What is more, Wells’s historical interpretations of buildings lean towards those of contemporary Spanish historians, particularly in his interpretation of Islamic and Gothic forms. His conclusions, however, were limited by the language of the period, notably the problematic use of the term ‘Moorish’. When describing the architecture of southern Spain, the term ‘Moorish’ was indiscriminately used for both the Islamic architecture of Granada and the Jewish or Christian architecture of Seville and Toledo. Despite this limitation, Wells excelled in describing the materiality and construction of Spanish medieval architecture, especially demonstrating uncommon sensitivity by including the craftsperson as integral to the architectural form and appearance of the style. In doing so, he elucidated his belief that the solidity of the buildings, complemented by decorative elements such as spoliated columns, yeserías, azulejos, sebka, and artesonados, surpassed all other architectural traditions. Theoretically, Wells synthesised rather than advanced contemporary thinking on medieval Spanish architecture, albeit doing so intuitively in his descriptions, which appear closer to those of contemporary Spanish historians. Interestingly, when describing the 13th-century tomb of Fernán Gudiel ‘Alguacil’ (1278) in Toledo cathedral, Wells used the term ‘Moorish’ to denote not just style but authorship. He wrote that it was sculpted by a ‘Moorish’ artisan (1846: 128–9) and was coeval with the Gothic structure, and did not predate it. This interpretation aligns with Amador de los Ríos’s description of it:
[A] niche of Arabic taste … The tomb is adorned with a horseshoe arch. … On the sides of the cornice, with which it terminates, are two animal figures, resembling bears, which reveal at once the Saracen origin of this work in a Christian temple. (1845: 87)

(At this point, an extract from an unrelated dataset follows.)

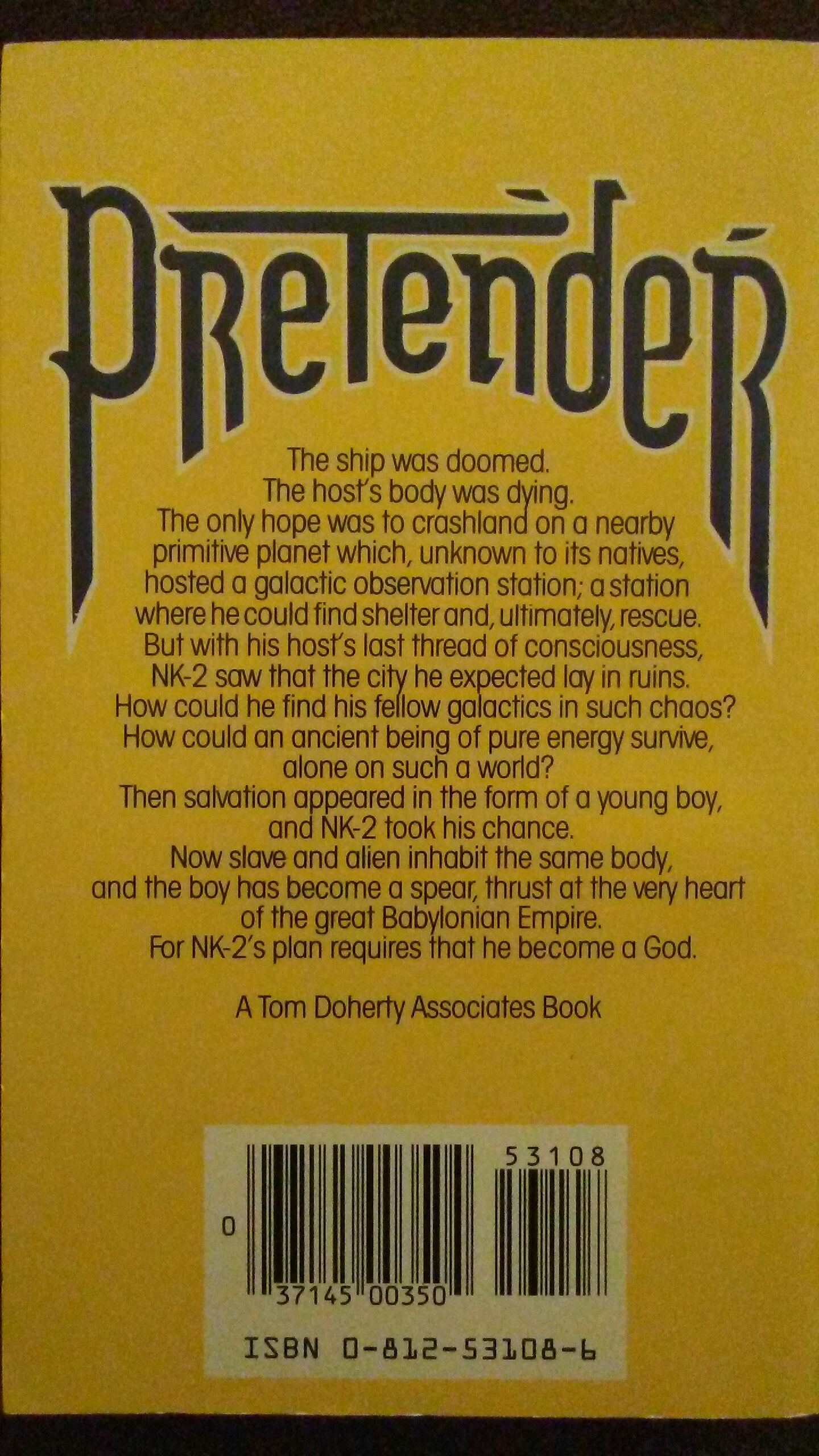 Pretender - Piers Anthony (Tor Science Fiction - Paperback) book collectible [Barcode 9780812531060] - Main Image 2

In contrast, the tomb is unrecognisable in Richard Ford’s description: ‘In [the chapel of] San Eugenio are some remains of the old mosque, with Cufic inscriptions, and an arch and tomb of elaborate Tarkish work’ (by ‘Tarkish work’ Ford means elaborate plasterwork) (Ford 1845: 844; italics in original). However, it is possible that he based his account on second-hand information rather than direct observation. All three descriptions of the tomb were published in 1845 or 1846, with Wells’s interpretation more closely mirroring that of Amador de los Ríos, who led contemporary thought on the history of Spanish architecture. Ford, incidentally, favourably reviewed Wells’s book in the Quarterly Review for his ability to introduce remarkable insights in an accessible literary style, and desired Wells revisit Spain on a tour of lesser-known places ([Ford] 1846–47).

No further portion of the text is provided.